Ameren is responsible for the cleanup because it purchased Illinois Power Co. in 2004. The city of Belleville owns most of the cleanup site.

The remediation work began in 2015 and before that, the former Belleville Gas Light and Coke Co. factory had been torn down.

Palmer said Ameren has planned to do the final site grading to match the original topography but he said that could be adjusted at the city’s request.

“If it’s a similar amount of effort so there’s no additional cost or time, we can grade the site to better fit their future needs but that’s about as much as we can do at this point,” Palmer said.

Park plans

Eckert said city officials have discussed whether to put a park on the cleanup site but the plans have not been finalized.

The proposal includes the possibility of installing a platform to hold four columns salvaged from the old St. Clair County Courthouse that was torn down in 1972. It also includes a walking path that would have plaques marking historical information about the Richland Creek flood of 1957 and how the creek divided Belleville and the former community of West Belleville.


Why did we report this story?

We wanted to give BND readers a report on the $260,000 the city of Belleville plans to pay for about 2.65 acres off South Sixth Street and Washington Street next to the Ameren cleanup site where the contract had used big, white tents.
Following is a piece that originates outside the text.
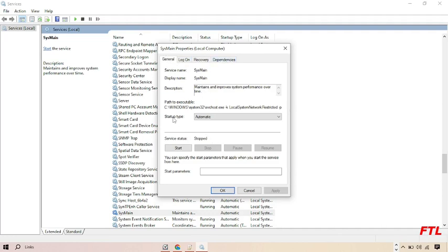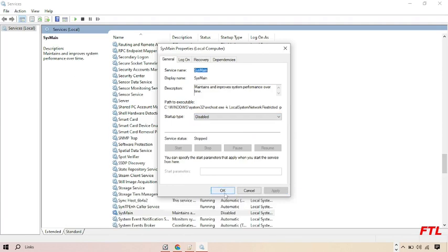In journal, you got downside the option startup type. Here you select disabled and then apply and then OK.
The wedge intersection next to the cleanup site had been home to the “The Big Red Shoe” sculpture but the artwork has been moved to a city storage lot because it needs a new coat of paint.

Also, if the courthouse columns are installed in the proposed park, the shoe sculpture would be moved to another site that has not yet been selected.

The sculpture by Milwaukee artist Marina Lee was commissioned by the Art on the Square committee and installed in 2011 as a tribute to nationally known radio personality Delilah Rene, who had a red, stiletto heel logo for her production company. Rene had sponsored a “Paint the Town” contest and Belleville was selected as a winner in 2010 when volunteers painted 65 buildings along Main Street between 17th and Oak streets.

The Washington Street spur onto West Main Street has been closed during the Ameren cleanup and Eckert said earlier this year that the city will not reopen the spur after the cleanup work is completed because there were too many crashes on the spur.

Mike Koziatek joined the Belleville News-Democrat in 1998 as an assistant editor and is now a reporter covering the Belleville area. He graduated from Marquette University in Milwaukee and is from St. Louis.